Plusieurs logis à fonctions multiples recensés figurent parmi les plus anciennes habitations de la commune. Ce type d'habitat se caractérise par la cohabitation des hommes et du bétail sous le même toit, séparés par un mur de refend. Six exemples du 17e siècle sont encore visibles : deux à la Ville-au-Galle (ancienne ferme, ancienne ferme), un à Rozan, un à L’Abbaye et deux au Clézio (ancienne ferme, ancienne ferme). Ces deux derniers exemples présentent un étage avec une partie réservée au stockage des récoltes (portes hautes), et une partie à usage de chambre (fenêtre et cheminée).
Diversité des mises en œuvre
Les maisons et les fermes de Saint-Thélo sont majoritairement construites en moellons de schiste sans chaînage d’angle. Les façades ne sont pas enduites et la maçonnerie est à joint vif (on ne distingue pas la terre qui sert de mortier). Le schiste briovérien du sous-sol a été utilisé pour extraire les moellons de couleur pourpre ou gris-vert. La mise en œuvre est plus ou moins soignée selon les exemples et l’orientation des façades : la façade antérieure présente une mise en œuvre travaillée avec des moellons bien équarris qui s’apparentent presque, sur certaines maisons, à des pierres de taille (Botidou, La Ville-au-Galle). L’emploi du granite pour les encadrements d’ouvertures reflète le statut aisé des propriétaires. Dans les maisons modestes et certaines dépendances, les baies ont des linteaux en bois et sont dépourvues de pierres d’encadrement, ou utilisent des pierres de remplois. Le quartz est utilisé sous forme de bloc à la base des murs pour solidifier la maçonnerie, ou en alternance avec des moellons de schiste pour créer un jeu de polychromie, comme à Rozan ou à Kerpriat.
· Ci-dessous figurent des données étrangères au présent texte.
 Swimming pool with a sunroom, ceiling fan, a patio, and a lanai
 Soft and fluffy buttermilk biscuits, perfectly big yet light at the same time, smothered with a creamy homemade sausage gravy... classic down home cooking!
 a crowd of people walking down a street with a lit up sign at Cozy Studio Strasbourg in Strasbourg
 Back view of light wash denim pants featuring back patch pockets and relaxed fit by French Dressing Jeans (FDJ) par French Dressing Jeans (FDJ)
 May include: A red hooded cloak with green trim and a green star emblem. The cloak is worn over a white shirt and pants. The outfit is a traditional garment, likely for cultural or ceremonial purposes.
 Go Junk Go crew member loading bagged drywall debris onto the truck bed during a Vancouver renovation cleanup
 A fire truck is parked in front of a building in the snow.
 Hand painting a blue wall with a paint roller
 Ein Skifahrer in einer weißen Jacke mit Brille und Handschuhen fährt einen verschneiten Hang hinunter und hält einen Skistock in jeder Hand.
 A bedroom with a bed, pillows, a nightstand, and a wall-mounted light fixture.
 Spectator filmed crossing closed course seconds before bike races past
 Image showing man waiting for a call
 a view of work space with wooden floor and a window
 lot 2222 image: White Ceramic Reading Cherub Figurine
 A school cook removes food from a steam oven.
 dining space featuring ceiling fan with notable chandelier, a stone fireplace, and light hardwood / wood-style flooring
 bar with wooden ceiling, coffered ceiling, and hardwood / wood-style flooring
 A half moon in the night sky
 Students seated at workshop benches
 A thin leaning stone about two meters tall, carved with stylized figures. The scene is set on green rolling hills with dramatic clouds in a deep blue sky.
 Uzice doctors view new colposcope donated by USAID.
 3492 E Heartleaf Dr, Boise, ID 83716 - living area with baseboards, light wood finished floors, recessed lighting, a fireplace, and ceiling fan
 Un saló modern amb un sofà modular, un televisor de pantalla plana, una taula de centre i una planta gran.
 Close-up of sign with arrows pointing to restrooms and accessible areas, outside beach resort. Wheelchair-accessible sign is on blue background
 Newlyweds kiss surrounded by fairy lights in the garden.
Saint-Thélo conserve quelques édifices en terre, mise en œuvre de plusieurs façons. La technique de la bauge (terre crue) est employée au Clézio pour la construction d’une dépendance qui s’appuie contre une maison de la fin du 17e siècle. Un autre exemple est visible sur le pignon d’une dépendance de la venelle de la Croix Blanche, ou sur la partie supérieure du mur d’une grange aux Saints-Anges, montée en adobe (brique de terre crue). Deux grandes remises du 17e siècle, avec un étage à pan de bois et torchis (terre-paille), sont préservées au Gouézo et à Botidou, bien que dans un état critique. Ce pan de bois est aujourd’hui recouvert d’un essentage en ardoises. Il existait probablement d’autres dépendances en terre, aujourd’hui disparues.